Citation: 2012 FC 275

Toronto, Ontario, February 29, 2012

PRESENT:     The Honourable Mr. Justice Zinn

 

BETWEEN:

 

 

NICOLAS HERNANDO MONROY BELTRAN  BY HIS LITIGATION GUARDIAN PATRICIA MONROY

 

 

 

Applicant

 

and

 

 

 

THE MINISTER OF CITIZENSHIP AND IMMIGRATION

 

 

 

Respondent

 

 

 

 

 

           REASONS FOR JUDGMENT AND JUDGMENT

 

[1]               This is an application for judicial review pursuant to subsection 72(1) of the Immigration and Refugee Protection Act, SC 2001, c 27, of a decision of the Refugee Protection Division of the Immigration and Refugee Board that held that the applicant was neither a Convention refugees nor a person in need of protection. 

 

[2]               For the reasons that follow, this application is allowed.

 

Background

[3]               Nicolas Beltran is a citizen of Colombia.  He was 17 at the time of his hearing before the Board; his aunt acted as his designated representative. 

 

[4]               Mr. Beltran testified and he was found to be credible.  During the last two years of high school, he carried out community work for the Colombian Civil Defence.  He performed functions such as rescue, vigilance and massive event control.  On November 20, 2010, his father was working in his office when he received a telephone call from a commander of the Fuerzas Armadas Revolucionarias de Colombia (FARC).  His father was told that the obligatory contribution (vacuna) had not been paid.  When his father refused to pay, the FARC demanded the applicant as a recruit.  A denunciation was filed to the National Police that same day.

 

[5]               On December 8, 2010, the applicant left Colombia alone.  He went to the United States where he stayed for two days before claiming refugee protection at the Canadian border.  His aunt who had been granted refugee protection in Canada approximately seven years ago was waiting for him.

 

[6]               The Board believed the applicant’s allegation that members of the FARC threatened to recruit him when his father did not accede to their “vacuna” demands.  This risk, it found, did not provide a nexus to a Convention ground and was generalized in Colombia.  The Board found that the perpetrators were acting in a criminal manner and although the FARC is an organization with political objectives, its modus operandi is not as political as it was in the past.  There was no evidence that the applicant or his father were questioned on their political views.  Moreover, when the Board questioned the applicant as to whether his community involvement had anything to do with the recruitment demands, the applicant candidly said it did not.  Although the “UNHCR considers that forcibly recruited and/or trafficked children in Colombia may be a risk on the ground of membership of a particular social group,” the Board did not accept that this overrode subparagraph 97(1)(b)(ii) of the Act dealing with generalized risk.

 

[7]               The risk of recruitment, as admitted by the applicant, was found to apply to many young people in Colombia.  Additionally, the Board found that there was no evidence adduced surrounding the effect of a possible recruitment.  Both the Board and the applicant agreed that vacuna demands from people who are perceived to have money, such as the applicant’s father, were part of the FARC’s modus operandi.  The Board pointed to various passages of the documentary evidence to support a finding that the risk faced by the applicant was generalized in Colombia.  The Board, stating that it was relying on jurisprudence from this Court, concluded that Mr. Beltran was not eligible for refugee protection: Ventura De Parada v Canada (Citizenship and Immigration), 2009 FC 845 [Ventura De Parada], Rodriguez Perez v Canada (Citizenship and Immigration), 2009 FC 1029 [Rodriguez Perez ], and Prophète v Canada (Citizenship and Immigration), 2008 FC 331 [Prophète].

 

Issues

[8]               The memorandum filed and signed by the applicant and his litigation guardian does not specifically identify any issues in dispute.  At the hearing counsel for the applicant addressed three issues; however, having reviewed the entire record and listened to oral submissions it is my view that there are only two relevant issues:

1.                  Was the Board’s finding that the applicant’s risk had no nexus to a Convention refugee ground reasonable?
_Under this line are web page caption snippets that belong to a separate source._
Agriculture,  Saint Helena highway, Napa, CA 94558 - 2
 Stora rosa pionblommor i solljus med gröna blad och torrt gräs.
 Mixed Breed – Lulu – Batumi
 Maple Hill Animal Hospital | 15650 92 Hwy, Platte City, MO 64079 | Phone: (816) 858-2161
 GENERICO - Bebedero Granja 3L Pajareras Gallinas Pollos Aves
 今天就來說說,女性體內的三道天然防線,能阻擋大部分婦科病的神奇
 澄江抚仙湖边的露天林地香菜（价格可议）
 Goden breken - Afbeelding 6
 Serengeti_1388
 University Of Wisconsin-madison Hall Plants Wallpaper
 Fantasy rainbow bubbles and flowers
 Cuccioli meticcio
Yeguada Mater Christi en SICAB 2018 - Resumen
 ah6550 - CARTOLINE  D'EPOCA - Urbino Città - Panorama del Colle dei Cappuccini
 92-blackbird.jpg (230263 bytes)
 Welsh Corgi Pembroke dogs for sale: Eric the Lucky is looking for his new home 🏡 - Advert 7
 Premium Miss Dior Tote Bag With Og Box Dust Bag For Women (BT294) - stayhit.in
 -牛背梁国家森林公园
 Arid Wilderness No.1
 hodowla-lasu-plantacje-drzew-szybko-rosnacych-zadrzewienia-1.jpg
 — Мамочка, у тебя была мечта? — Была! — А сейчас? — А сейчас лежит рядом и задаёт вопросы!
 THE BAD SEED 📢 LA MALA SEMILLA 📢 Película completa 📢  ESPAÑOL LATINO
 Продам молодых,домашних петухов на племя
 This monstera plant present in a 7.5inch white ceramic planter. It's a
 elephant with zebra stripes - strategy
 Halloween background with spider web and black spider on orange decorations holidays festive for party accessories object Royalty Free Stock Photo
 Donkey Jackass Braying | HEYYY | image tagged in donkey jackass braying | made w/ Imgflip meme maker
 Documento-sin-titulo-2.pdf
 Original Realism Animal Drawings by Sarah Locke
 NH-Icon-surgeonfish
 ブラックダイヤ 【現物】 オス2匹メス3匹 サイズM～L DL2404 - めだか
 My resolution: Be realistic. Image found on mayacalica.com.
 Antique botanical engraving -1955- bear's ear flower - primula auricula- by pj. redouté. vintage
2.                  Was the Board’s finding that the applicant’s risk is a risk faced generally by others in Colombia reasonable?

 

[9]               It is noted that the Board stated at the beginning of its decision that “[t]he determinative issues are nexus, failure to claim elsewhere, and generalized risk.”  As noted by the applicant, the Board did not provide any reasons on the issue of “failure to claim elsewhere.”  It is clear from the transcript that the Board, which raised it as an issue at the commencement of the hearing, was satisfied with the evidence of the applicant and the reference to the issue in the decision was in error.  Nothing turns on this.  The basis of the decision was nexus and “generalized risk.”

 

Analysis

1.  Nexus

[10]           The applicant submitted that his fear of persecution had a nexus to two Convention refugee grounds:  political opinion and particular social group.

 

[11]           It was submitted that FARC is a political group and if the applicant were to be forcibly recruited to it then he would have to engage in acts to which he was opposed.  This does not amount to a fear of persecution on the ground of political opinion.  In order to have a nexus to a Convention refugee ground the applicant would have to have a fear of persecution “for reasons of” his political opinion.  It is clear, as he candidly admitted at the hearing before the Board, that his political work or opinion has no relationship to his fear of forced recruitment.

 

[12]           Similarly, it is not evident that his fear of forced recruitment has any relationship to him being a child.  On the other hand, the Board’s rejection of that submission is problematic.  The applicant cited and relied upon the ‘UNHCR Eligibility Guidelines for Assessing the International Protection Needs of Asylum-Seekers from Colombia’ in the National Documentation Package before the Board and, more specifically, the following statement:  “UNHCR considers that forcibly recruited and/or trafficked children in Colombia may be at risk on the ground of membership of a particular social group.”  The Board dismissed that submission by saying:

The Board does not concur that this statement by UNHCR overrides Section 97(1)(b)(ii) of the IRPA.  Moreover, there was no evidence adduced surrounding the effect of a possible recruitment.  While I take note of the UNHCR document, I am bound by the jurisprudence of the Court.

 

There are three difficulties with this statement.

 

[13]           First, the UNHCR report was tendered with respect to protection as a Convention refugee under section 96 of the Act and clearly was not intended to have any connection or relevance to section 97.  Further, no submission was made to the effect that the UNHCR statement did override any provision of the Act, although the statement suggests otherwise.

 

[14]           Second, there was evidence before the Board as to the effect of forced recruitment.  While this was not specific to the applicant, the record is replete with information from UNHCR, the US Department of State, Human Rights Watch, and others as to the consequences for children who are forcibly recruited by FARC, including sexual abuse, being forced to kill, and other horrendous consequences.

 

[15]           Third, as counsel for the respondent candidly and responsibly admitted there is no jurisprudence of this Court, nor is any cited by the Board, that holds that the forcible recruitment of children in Colombia by FARC is not entitled to protection under section 96 of the Act on the basis of there being no nexus to a Convention ground.

 

2.  “Generalized Risk”

[16]           The Board correctly identified that the applicant feared being forcibly recruited by FARC.  However, the Board then states:  “As stated in Ventura De Parada, this claimant was not targeted personally; rather she, as a business person, who was perceived to be well-off, had been targeted.”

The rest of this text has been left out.